Civilizações esquecidas, selvas inexpugnáveis, vales perdidos, tesouros por resgatar, ilhas não assinaladas, o espaço sideral... ao cabo de 62 anos de BD, em todos esses lugares Bob Morane já esteve. E até no passado... Oriunda da literatura de entretenimento – o primeiro romance de bolso publicou-se em 1953 –, Bob Morane, personagem criada por Henri Vernes (Ath, Valónia, 1918) tem os seus indefectíveis, embora entre nós o acolhimento nunca tenha sido significativo: dois álbuns na Editorial Íbis e publicações em revistas, nomeadamente no semanário Tintin. Depois de mais de 200 álbuns – o próximo será publicado no fim do Verão pela Soleil –, Vernes mantém, aos 103 anos, um droit de regard sobre a série – mas apenas de autoridade, uma vez que alienou os direitos –, como indica a existência do prefácio que assina em Les 100 Démons de l'Ombre Jaune, argumento de Christophe Bec e Éric Corbeyran, com desenhos do italiano Paolo Grella, que sucede a nomes como Dino Attanasio (futuro criador, com Goscinny, de Il Signore Spaghetti), Forton, Vance, Coria e Leclerq.

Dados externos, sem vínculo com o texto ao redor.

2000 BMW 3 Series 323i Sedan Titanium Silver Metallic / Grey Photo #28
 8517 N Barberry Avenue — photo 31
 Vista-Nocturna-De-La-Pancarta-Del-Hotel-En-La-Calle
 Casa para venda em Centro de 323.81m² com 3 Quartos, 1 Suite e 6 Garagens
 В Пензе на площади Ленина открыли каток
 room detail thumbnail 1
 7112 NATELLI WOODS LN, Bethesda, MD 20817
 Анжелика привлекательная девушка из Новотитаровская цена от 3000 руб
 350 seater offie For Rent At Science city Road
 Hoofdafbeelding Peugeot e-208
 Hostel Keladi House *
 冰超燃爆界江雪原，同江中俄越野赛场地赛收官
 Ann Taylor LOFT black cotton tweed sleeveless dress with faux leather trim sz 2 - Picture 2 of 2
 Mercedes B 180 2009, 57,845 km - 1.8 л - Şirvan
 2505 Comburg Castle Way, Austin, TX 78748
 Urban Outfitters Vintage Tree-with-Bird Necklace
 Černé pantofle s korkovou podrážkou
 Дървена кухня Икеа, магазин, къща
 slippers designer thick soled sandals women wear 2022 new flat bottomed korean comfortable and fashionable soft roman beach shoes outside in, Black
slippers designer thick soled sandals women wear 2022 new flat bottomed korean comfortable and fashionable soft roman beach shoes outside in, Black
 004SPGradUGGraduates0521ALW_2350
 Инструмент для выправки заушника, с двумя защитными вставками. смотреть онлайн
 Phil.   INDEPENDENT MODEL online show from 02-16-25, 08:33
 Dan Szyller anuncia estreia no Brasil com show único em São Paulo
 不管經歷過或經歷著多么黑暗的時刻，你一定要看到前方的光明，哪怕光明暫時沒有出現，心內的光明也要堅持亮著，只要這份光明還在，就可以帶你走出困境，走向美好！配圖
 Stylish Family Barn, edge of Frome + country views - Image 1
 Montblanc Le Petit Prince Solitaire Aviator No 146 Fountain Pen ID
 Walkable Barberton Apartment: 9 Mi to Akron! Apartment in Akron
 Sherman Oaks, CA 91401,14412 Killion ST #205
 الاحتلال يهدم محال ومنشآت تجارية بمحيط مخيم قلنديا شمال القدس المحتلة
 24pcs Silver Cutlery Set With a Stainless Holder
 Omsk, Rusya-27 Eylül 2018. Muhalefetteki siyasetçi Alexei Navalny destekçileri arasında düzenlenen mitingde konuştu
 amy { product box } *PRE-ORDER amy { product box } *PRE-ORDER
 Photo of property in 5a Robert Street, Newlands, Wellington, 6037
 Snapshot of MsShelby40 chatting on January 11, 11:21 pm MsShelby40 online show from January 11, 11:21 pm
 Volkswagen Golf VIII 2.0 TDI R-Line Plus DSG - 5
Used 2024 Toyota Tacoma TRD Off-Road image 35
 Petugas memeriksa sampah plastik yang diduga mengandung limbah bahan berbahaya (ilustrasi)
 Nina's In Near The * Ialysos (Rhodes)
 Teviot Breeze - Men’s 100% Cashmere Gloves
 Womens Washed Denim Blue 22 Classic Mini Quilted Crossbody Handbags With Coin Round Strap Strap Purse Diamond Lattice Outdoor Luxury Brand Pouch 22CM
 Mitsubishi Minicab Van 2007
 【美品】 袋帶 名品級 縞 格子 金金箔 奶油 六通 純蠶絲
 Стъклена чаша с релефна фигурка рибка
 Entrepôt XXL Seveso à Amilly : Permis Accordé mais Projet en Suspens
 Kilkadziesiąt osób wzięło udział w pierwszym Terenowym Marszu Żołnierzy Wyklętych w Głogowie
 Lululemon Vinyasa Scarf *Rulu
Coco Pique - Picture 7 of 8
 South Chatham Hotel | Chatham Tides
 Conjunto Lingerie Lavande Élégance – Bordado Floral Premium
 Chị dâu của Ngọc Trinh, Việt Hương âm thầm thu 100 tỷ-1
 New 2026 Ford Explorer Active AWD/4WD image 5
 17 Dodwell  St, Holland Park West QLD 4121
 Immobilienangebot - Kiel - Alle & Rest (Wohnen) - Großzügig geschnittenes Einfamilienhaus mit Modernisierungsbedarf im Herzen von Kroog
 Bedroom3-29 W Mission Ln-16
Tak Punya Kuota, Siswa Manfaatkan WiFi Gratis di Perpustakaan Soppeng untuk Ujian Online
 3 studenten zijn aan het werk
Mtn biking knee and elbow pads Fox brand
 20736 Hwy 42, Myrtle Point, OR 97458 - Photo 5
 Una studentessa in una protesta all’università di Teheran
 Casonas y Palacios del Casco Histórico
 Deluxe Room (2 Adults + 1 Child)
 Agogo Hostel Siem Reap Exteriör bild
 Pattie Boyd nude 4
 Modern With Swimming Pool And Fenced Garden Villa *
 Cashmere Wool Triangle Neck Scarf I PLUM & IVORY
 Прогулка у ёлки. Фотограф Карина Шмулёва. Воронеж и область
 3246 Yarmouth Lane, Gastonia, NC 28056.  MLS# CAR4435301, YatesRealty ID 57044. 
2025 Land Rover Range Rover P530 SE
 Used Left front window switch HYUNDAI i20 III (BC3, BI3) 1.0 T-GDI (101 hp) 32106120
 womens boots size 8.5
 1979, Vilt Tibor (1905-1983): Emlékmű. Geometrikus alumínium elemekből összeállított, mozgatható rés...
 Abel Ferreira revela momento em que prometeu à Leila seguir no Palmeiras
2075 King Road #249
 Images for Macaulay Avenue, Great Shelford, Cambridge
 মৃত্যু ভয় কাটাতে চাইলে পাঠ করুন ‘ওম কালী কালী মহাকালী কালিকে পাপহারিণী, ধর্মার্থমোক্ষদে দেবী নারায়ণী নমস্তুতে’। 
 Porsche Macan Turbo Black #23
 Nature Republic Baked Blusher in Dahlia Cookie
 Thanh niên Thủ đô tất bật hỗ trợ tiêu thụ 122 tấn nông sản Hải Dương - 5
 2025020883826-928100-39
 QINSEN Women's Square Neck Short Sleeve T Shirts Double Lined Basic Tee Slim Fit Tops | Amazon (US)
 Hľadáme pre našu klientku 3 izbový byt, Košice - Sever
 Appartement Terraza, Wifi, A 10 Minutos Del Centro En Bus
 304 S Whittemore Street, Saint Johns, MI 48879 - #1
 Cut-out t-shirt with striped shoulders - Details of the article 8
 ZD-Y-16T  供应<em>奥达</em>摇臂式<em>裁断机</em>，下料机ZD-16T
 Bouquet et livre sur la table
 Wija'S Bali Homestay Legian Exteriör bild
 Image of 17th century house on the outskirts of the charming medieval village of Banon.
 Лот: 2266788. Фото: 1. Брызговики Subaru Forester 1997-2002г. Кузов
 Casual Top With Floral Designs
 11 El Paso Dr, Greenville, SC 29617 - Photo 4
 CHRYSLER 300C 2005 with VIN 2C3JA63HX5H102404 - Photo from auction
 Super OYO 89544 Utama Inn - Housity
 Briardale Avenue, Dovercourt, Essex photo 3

O álbum que fomos buscar, A Espada do Paladino (1967), oitavo da série e primeiro em Portugal, tem desenhos de Gérald Forton (Bruxelas, 1931). Num tempo em que os quadradinhos estavam a mudar – Corto Maltese, Martin Milan, Valérian apareceram nesse ano –, o registo é o da pura aventura sem grandes introspecções. No entanto, quem teve a sorte de lê-lo na idade certa, guarda uma volúpia de encantamento e descoberta: o vigor dos desenhos, as vinhetas de margem a margem, mesmo que de pequenas dimensões, os pormenores, as cores suaves, dão brilho a uma narrativa já de si empolgante,
O major Morane repousa da última aventura junto dos índios apaches, na companhia do indefectível parceiro, Bill Ballantine, escocês um pouco telhudo, dotado de força hercúlea e permanente apetência por uísque, quando é procurado pelo Prof. Hunter, criador de uma máquina do tempo, cujo ensaio experimental pretende seja feito pela parelha. Há sempre um cientista visionário nestas histórias, assim como um agente a soldo de qualquer potência, prestes a sabotar ou a apropriar-se de planos secretos. Pondo-se à socapa dentro do engenho, eis que o trio é transportado, sem saír do mesmo lugar, para o século XIV, no período da Guerra dos 100 anos, Surge então a bela condessa Yolande de Mauregard, vítima da lenda negra que a dá como descendente do homem que traiu Carlos Magno no estreito de Roncesvales, dizimando a rectaguarda comandada por Rolando. Aqui, a narrativa segue a tradição, pondo os mouros no lugar dos atacantes, quando na verdade quem dizimou os francos foram os bascos, esses verdadeiros irredutíveis... Para alguma coisa a máquina do tempo teria de servir, e assim Morane e Ballantine recuam a 778 para pôr tudo em pratos limpos com o founding father da Europa, e isentar a donzela do opróbrio... Pelo meio algum humor: involuntário, como a máquina do Tempo avistando a cavalaria franca; ou propositado: o inimigo de Morane de armadura e cota de malha com a cabeça coberta por um borsalino – o que não deixa de ser um achado.
Uma Aventura de Bob Morane – A Espada do Paladino
texto: Henri Vernes
desenhos: Gérald Forton
edição: Editorial Íbis, Amadora, s.d.